Because of the problems with hobbles, and with the theoretical underpinnings of security through hobbling, the developers at Netscape have created an entirely new security model. This new model is experimental in Navigator 3.0, and may be enabled by the end user through a procedure outlined later in this section. The new security model is theoretically much stronger, and should be a big advance for JavaScript security if it is enabled by default in Navigator 4.0. The following subsections explain this new model. Be aware in advance that this is a confusing model and can be difficult to understand.

Data Tainting in Theory

Let's back up a bit and reconsider the security problem we are worried about in the first place. For the most part, the problem is that private data may be sent across the Web by malicious JavaScript programs. The hobbling approach to security generally patches this problem by preventing JavaScript programs from accessing private data. Unfortunately, this approach rules out non-malicious JavaScript programs that would like to use that private data without exporting it. One such program, for example, might be a navigation aid that generates a list of all the links from a web page and displays them in a separate window or frame.

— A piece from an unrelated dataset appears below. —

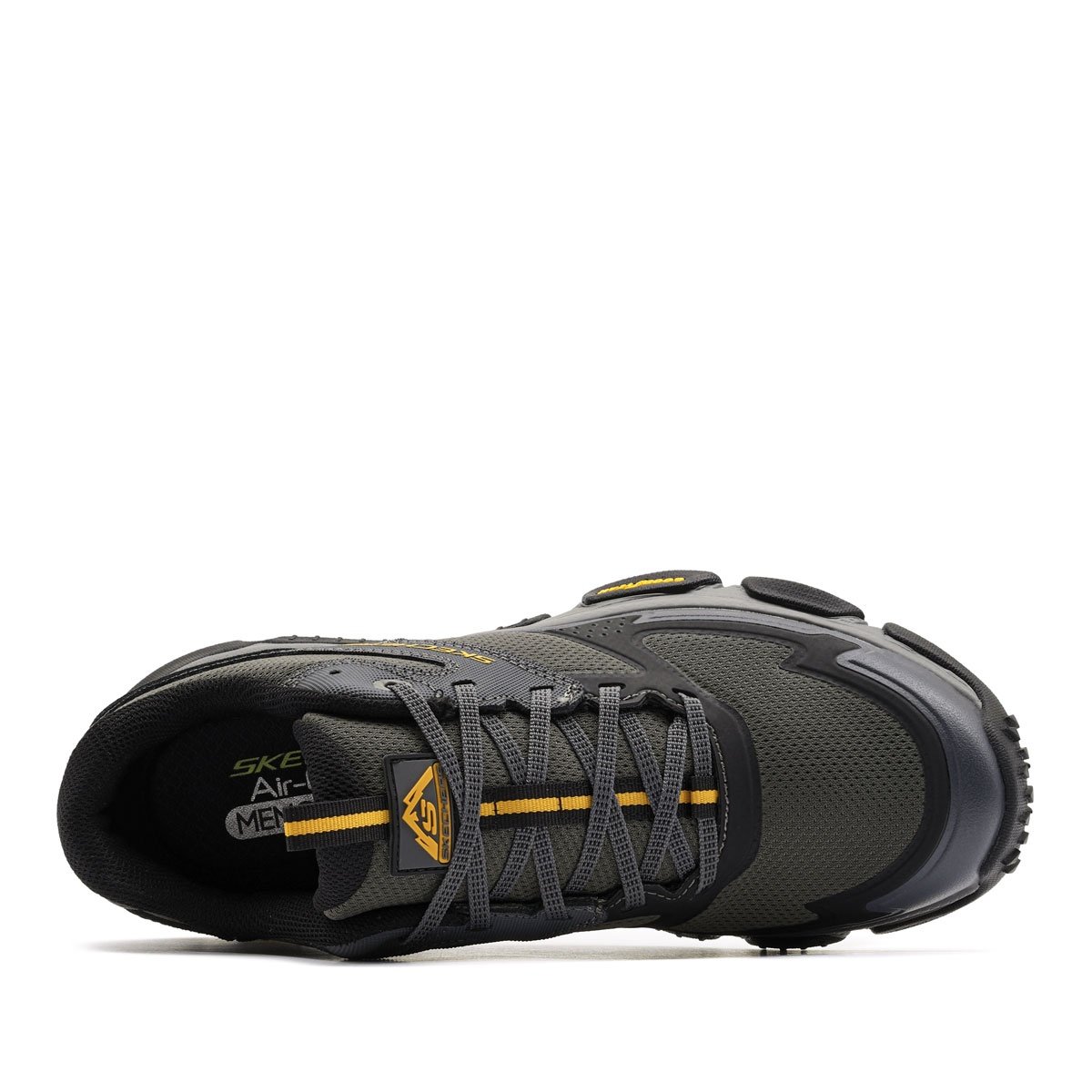 Мъжки спортни обувки Skechers Skech-Air Envoy-Sleek Envoy 237553-GNBK Skechers Skech-Air Envoy-Sleek Envoy Мъжки спортни обувки 237553-GNBK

Instead of preventing scripts from reading private data, a better approach would be to prevent them from exporting it, since this is what we are trying to prevent in the first place. If we could do this, then we could lift most of the hobbles that were detailed in the sections above. (We'd still need some hobbles, to prevent a program from closing windows it didn't open, for example.) Unfortunately, preventing the export of private data can be tricky to do, because not only must we prevent a script from exporting private data directly, be we must also prevent it from exporting data derived, in any way, from private data. If you think through the implications, you can see that keeping track of the data that must not be exported could be a very difficult proposition.

This is where the concept of data tainting comes in. The idea is that all JavaScript data values are given a flag. This flag indicates if the value is "tainted" (private) or not. Tainted values will be allowed to be exported only in certain very restricted ways. Untainted values can be exported arbitrarily. But any value, regardless of taint, can be manipulated by the program, which is a big improvement over the heavy-handed measures required by the hobbling approach. As the term "tainted" implies, any data derived from tainted data will itself be tainted. If a tainted string is added to a non-tainted string, the resulting string is tainted. If a tainted value is passed to a function, then the return value of the function is tainted. If a string is tainted, then any substring of the string is also tainted.

Theoretically, the data-tainting model is a strong one, and it has been proven practical in the Perl programming language. With a careful and rigorous implementation of tainting, Navigator will be able to prevent private data, or any modified version of private data from being incorrectly exported by a JavaScript program. Because data tainting is a uniform security model that covers all possible exports of data, we can also trust its security much further than we would trust the "identify a hole and patch it with a hobble" model.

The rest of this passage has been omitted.